Part of the job is not to question the job and you don't do a lot of debating while you're either hiding or shooting to save your own life. That's more of a Hollywood idea of war than reality anyway it would seem.
This keeps the film from being political, so doesn't alienate people who are pro or con to the specific war the movie might be about.
So this fits into our modern war film approach comfortably on that level. Does it need more than a slice of life approach to be fascinating and tension filled? Not really, if it's done well enough and this film is very well done. The men interviewed talk about being disturbed but they way they talk is real, one guy who can't really sleep at all since actually smiles through his this part of his interview, hiding his horror behind telling something he finds embarrassing. This is so different than the "acted" stories of war we get in movies traditionally and such.
Could the film have let us know some history to the valley the men are stuck in or try to let us in tactically a little more from a distance. Probably could have, though bits of this are filled in by the troops as they are the new group in the area and some past mistakes haunt them and they repeat some of those same mistakes. War isn't really a clean job after all or a nice one.
The central battle has very little footage, obviously the cameramen were hiding for their lives so that section is a series of very very close up talking heads, the professionally detached talking heads of those involved and their armor does crack as they get into it, the little actual footage of the battle shows the real raw reactions.
This is making the best of a bad situation for the filmmakers, but it does rob us the horrid experience of the initial attack.

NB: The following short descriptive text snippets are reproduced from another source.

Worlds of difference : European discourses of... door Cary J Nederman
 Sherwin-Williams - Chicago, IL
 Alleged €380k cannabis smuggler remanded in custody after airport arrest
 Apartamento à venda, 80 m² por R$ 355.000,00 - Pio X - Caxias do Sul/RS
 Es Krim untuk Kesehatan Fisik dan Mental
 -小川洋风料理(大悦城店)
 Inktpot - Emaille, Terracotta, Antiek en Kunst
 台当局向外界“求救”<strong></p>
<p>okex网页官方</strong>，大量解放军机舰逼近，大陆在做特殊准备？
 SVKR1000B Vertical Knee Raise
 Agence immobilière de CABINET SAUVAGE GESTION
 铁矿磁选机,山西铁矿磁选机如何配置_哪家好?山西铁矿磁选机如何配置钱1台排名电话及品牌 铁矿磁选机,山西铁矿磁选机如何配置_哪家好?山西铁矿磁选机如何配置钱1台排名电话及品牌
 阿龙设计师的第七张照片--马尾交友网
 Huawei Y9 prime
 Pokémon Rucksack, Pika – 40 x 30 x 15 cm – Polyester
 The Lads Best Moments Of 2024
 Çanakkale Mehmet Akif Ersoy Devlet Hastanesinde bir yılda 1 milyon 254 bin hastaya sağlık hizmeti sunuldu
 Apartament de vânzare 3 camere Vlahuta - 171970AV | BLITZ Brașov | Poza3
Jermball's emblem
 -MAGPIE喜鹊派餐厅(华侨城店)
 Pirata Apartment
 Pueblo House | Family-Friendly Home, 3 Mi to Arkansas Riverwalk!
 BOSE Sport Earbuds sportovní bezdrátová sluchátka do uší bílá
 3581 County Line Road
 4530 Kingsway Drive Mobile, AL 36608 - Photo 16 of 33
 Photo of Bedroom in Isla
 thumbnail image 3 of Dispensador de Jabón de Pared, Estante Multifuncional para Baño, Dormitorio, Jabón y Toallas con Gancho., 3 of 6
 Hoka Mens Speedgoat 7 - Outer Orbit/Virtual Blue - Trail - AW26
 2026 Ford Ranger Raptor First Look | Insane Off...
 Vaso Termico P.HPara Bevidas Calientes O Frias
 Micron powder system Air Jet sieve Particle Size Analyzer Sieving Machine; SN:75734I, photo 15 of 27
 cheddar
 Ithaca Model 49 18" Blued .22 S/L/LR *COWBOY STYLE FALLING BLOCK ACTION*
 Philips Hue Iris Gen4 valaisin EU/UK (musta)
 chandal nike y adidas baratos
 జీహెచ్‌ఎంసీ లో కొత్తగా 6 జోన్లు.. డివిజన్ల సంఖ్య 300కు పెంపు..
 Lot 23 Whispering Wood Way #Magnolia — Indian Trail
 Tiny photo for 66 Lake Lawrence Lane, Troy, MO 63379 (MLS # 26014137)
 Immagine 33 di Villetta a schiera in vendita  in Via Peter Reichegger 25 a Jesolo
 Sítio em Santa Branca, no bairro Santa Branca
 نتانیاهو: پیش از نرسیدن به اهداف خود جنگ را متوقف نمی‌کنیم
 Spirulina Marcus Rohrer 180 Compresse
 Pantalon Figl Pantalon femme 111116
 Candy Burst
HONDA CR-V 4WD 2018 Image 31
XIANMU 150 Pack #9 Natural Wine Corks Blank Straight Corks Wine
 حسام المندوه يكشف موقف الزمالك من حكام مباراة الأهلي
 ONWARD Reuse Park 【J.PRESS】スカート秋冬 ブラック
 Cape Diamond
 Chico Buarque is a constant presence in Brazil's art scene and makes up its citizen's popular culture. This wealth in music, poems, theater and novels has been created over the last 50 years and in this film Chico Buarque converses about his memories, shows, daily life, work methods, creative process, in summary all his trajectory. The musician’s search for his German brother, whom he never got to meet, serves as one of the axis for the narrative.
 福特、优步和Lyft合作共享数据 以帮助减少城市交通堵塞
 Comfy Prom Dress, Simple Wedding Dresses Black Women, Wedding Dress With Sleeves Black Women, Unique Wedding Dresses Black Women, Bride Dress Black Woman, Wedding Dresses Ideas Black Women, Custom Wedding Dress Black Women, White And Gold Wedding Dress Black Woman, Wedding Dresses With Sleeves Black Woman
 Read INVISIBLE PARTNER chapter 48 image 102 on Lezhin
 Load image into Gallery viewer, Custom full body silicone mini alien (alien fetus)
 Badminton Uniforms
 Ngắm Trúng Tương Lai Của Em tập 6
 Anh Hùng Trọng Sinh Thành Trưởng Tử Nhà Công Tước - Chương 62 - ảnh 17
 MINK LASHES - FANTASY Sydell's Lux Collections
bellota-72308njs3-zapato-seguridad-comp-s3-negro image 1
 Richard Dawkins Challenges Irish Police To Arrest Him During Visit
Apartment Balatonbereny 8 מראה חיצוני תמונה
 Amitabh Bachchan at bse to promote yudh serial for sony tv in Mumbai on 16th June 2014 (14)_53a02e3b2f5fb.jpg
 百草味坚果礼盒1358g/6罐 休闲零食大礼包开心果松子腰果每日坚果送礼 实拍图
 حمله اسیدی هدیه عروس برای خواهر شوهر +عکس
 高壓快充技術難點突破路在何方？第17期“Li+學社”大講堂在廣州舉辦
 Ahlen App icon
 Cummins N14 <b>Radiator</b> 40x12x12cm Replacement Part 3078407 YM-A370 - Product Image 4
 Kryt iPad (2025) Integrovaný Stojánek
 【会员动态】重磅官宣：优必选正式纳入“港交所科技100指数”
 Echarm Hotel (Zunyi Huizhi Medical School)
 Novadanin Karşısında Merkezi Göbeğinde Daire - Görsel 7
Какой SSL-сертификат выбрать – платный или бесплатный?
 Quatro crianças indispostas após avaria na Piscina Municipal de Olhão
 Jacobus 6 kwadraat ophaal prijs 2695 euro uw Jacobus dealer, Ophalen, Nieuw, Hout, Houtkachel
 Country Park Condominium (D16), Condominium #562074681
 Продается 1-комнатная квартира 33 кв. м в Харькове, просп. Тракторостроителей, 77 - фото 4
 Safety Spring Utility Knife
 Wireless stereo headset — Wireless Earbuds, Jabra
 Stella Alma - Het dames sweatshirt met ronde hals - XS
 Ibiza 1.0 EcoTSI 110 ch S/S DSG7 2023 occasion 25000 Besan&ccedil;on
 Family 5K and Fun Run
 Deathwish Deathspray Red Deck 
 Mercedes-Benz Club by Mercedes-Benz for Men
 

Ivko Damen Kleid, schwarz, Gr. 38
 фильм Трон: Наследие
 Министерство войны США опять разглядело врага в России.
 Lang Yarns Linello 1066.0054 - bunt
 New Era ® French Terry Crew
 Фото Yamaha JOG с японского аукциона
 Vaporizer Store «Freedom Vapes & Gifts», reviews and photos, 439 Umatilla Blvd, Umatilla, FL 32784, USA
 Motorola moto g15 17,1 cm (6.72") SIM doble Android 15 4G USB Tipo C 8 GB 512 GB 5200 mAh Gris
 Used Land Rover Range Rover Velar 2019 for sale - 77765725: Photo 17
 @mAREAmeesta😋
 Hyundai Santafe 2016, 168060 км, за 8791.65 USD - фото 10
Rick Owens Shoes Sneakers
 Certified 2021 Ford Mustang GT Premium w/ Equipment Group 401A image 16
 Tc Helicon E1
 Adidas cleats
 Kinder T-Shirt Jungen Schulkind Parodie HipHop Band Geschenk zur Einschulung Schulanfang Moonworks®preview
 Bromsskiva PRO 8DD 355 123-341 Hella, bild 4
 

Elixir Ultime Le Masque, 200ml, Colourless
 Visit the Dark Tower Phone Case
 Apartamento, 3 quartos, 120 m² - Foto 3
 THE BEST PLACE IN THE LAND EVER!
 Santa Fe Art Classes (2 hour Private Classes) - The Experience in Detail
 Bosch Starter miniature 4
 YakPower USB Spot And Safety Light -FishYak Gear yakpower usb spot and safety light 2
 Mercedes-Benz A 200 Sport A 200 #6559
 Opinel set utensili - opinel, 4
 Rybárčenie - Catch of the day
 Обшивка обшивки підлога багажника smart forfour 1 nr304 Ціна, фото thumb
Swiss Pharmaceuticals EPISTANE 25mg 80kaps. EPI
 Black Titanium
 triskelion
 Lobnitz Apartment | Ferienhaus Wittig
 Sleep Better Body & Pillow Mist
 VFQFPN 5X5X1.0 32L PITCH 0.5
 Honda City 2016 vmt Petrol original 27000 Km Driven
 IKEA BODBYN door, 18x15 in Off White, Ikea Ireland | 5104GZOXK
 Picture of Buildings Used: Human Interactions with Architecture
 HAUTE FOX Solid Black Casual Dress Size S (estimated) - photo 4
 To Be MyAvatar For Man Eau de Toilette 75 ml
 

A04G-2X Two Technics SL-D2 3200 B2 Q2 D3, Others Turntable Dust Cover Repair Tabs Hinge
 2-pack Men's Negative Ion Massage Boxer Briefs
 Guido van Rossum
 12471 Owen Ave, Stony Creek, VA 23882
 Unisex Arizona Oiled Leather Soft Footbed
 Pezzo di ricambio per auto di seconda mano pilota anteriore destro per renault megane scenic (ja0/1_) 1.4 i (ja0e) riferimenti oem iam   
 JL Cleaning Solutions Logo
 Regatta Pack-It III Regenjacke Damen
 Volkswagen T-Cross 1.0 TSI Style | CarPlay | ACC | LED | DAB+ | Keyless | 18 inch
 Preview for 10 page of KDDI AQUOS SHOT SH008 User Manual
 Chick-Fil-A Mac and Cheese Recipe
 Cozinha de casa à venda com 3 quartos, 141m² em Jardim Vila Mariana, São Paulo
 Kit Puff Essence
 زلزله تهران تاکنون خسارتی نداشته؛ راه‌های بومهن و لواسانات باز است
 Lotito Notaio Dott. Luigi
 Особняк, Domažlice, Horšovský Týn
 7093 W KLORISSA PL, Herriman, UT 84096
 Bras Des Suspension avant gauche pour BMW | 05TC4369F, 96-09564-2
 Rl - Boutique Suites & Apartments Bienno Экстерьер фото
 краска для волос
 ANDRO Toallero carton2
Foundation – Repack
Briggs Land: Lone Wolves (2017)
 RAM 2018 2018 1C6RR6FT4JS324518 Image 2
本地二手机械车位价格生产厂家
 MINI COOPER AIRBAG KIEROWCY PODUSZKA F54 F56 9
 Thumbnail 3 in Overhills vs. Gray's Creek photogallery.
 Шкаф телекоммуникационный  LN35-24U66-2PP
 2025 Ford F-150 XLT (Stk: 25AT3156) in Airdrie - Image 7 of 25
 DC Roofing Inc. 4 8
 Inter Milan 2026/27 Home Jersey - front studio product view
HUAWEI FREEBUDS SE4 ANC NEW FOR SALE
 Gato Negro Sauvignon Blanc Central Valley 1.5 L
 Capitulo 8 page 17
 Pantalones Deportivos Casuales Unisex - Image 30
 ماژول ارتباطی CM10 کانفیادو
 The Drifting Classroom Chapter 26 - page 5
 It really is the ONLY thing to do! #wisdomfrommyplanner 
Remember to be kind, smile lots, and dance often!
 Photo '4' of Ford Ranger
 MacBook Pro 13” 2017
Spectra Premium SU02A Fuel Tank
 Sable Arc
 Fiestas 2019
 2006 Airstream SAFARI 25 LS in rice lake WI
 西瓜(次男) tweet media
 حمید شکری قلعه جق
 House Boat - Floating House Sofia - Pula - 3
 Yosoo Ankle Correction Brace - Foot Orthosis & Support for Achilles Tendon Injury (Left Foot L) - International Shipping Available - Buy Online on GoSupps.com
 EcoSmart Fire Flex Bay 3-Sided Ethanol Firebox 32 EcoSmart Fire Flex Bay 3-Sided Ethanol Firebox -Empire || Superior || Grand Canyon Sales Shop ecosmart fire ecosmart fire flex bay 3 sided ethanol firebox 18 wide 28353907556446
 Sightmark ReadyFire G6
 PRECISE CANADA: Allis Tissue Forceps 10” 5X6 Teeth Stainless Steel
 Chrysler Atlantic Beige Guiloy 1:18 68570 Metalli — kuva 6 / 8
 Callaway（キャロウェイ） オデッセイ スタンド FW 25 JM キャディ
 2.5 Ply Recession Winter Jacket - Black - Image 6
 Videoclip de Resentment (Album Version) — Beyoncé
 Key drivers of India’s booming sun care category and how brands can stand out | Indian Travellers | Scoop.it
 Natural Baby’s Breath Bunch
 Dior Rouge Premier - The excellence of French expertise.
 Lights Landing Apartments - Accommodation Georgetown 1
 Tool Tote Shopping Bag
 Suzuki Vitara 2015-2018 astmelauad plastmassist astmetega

No enemy dead are shown at all in the film, only some collateral damage victims. This, it could be argued, is slanted a bit from the filmmakers point of view, or of course is just a limitation of their "embedded" status with their troops. Perhaps, the film suggests, they rarely see the enemy up close in this particular valley fight. Perhaps, but they aren't shown for whatever reason. Likewise there is scant footage of some of those U.S. troops who die when they are alive. This does also take away some emotional connection. And frankly when everyone wears the same uniform and has the same haircut it does get confusing at a few points as to who is who.
Some of the footage is very crudely recorded, shaky/grainy to a distracting degree--to be expected, but don't sit too close in the theater. It's edited and assembled very well, if there is/are movie tricks, and certainly there are, in terms of "faking" reaction shots or re-ordering events to make it more dramatic---it's seamlessly done. It all feels honest.
It's a very very good slice of life and puts you there with the men. And though very young they do mostly come off as men. That's all it does and it does it perfectly. There is no "ulimate" film on this war because, of course it's still going on. This film would seem to suggest that it's not going to end with us, "on top" but it doesn't say one way or the other. If you want to see our volunteer army in action in one specific area for one year, there hasn't been anything better previous to this film or in any of the Iraq movies, docu and fiction, done so far.